Monday, March 07, 2011
It's a Different World
I had no idea what to expect from this weekend. I have never been to Memphis, I had never met Madon Dailey, who I would be spending the weekend with, I had never done anything like this on this sort of scale before, and I had never interacted with this many homeschoolers before. While I was looking forward to the opportunity, I'll admit I was a bit tentative about it and was unsure of myself.
I ended up having a great time and was very grateful for the opportunity to do it! Madon was wonderful, we discovered we had a lot in common and we enjoyed each other very much. Our interaction with one another made the weekend fly by. I also hadn't realized just how much I had been missing sales/service contact with others. Just about every job I have ever had in the past has involved working with the public, and being home this past year has been a real change for me. I love what I am doing with the kids, and consider it a great gift and blessing, but having a little taste of working with others again in this capacity was a nice change of pace.

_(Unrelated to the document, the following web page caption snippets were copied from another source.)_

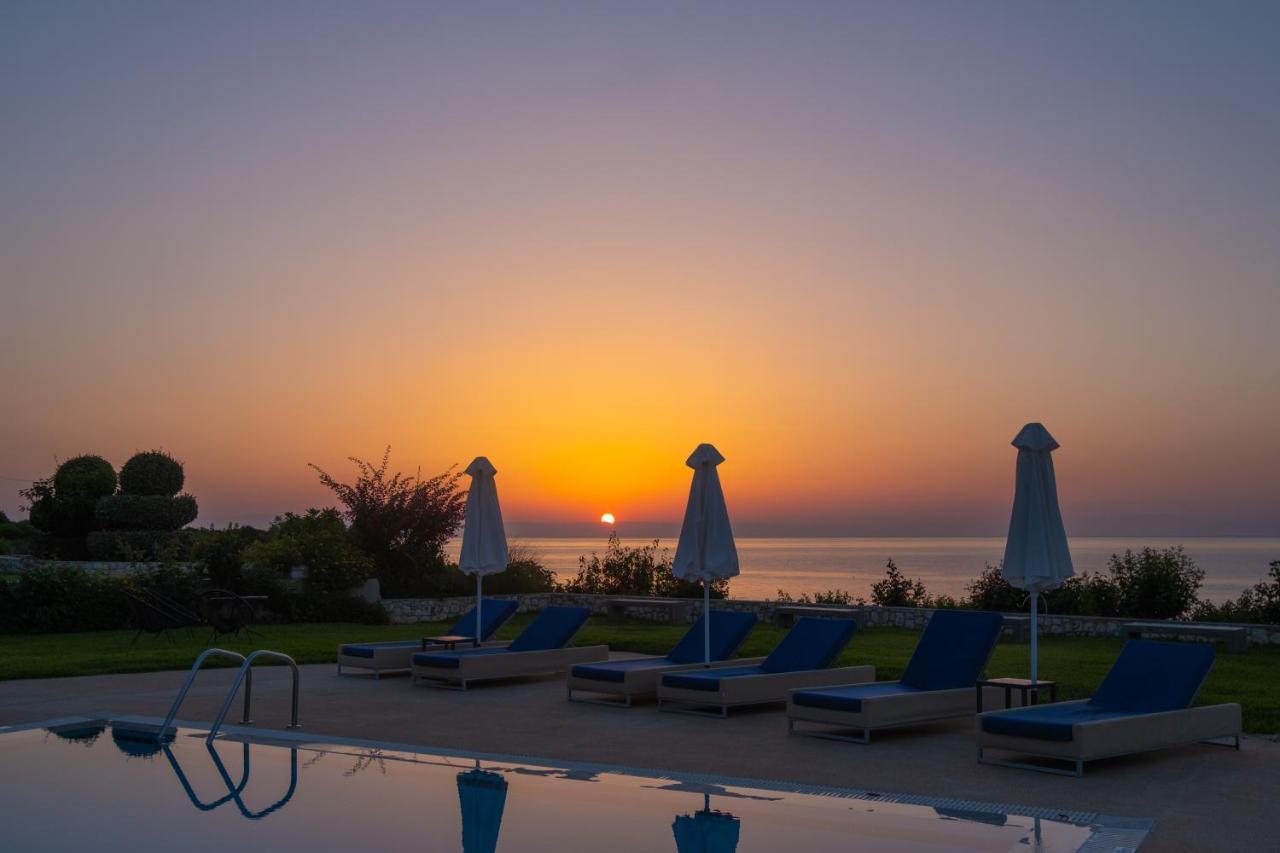 Blue Jasmine Hotel Skala  外观 照片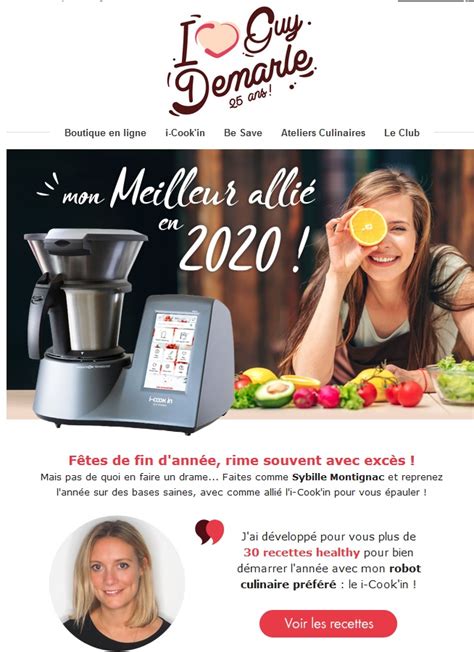 Sybille Montignac La Une Sur Le Club Guy Demarle Les Gourmandises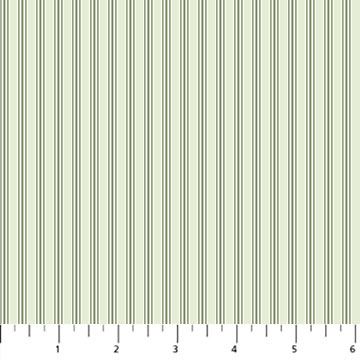 Story Book ~ Stripes Pistachio - 92103-72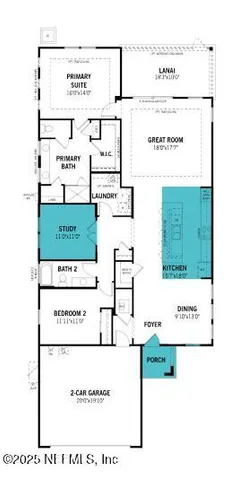 $495,055 | 192 Crafton Circle, St. Johns, FL 32259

The convention had good attendance, and I met a lot of really nice moms and a few dads as well. I had time to wander around and peruse materials myself, coming up mostly empty but gaining a few ideas that might work well for us. Much of the curricula out there is firmly rooted in the Christian faith, and because of the public school program we are working through we are not allowed to use any faith based materials. I had hoped to find a few more secular or neutral items there, but was unable to find much. Even if we were not required to use secular material, I personally have found that there is a lot of curricula that brands itself as "Christian" and gets attention simply because of the label or because there is Scripture sprinkled throughout, but that doesn't necessarily make it superior. I also am of the mindset that curricula is not inherently bad because it is secular either. Often, for our unique situation, secular curricula as far more able to meet our needs than Christian curricula is. That being said, there is also some high quality Christian curricula out there as well, but you have to work your way through a lot of chaff to get to the wheat. I guess I just like my educational materials to be "whole grain", and that doesn't mean it has to be stamped with a fish on it. In every other area of our lives God works through all, and I think that comes to curricula as well.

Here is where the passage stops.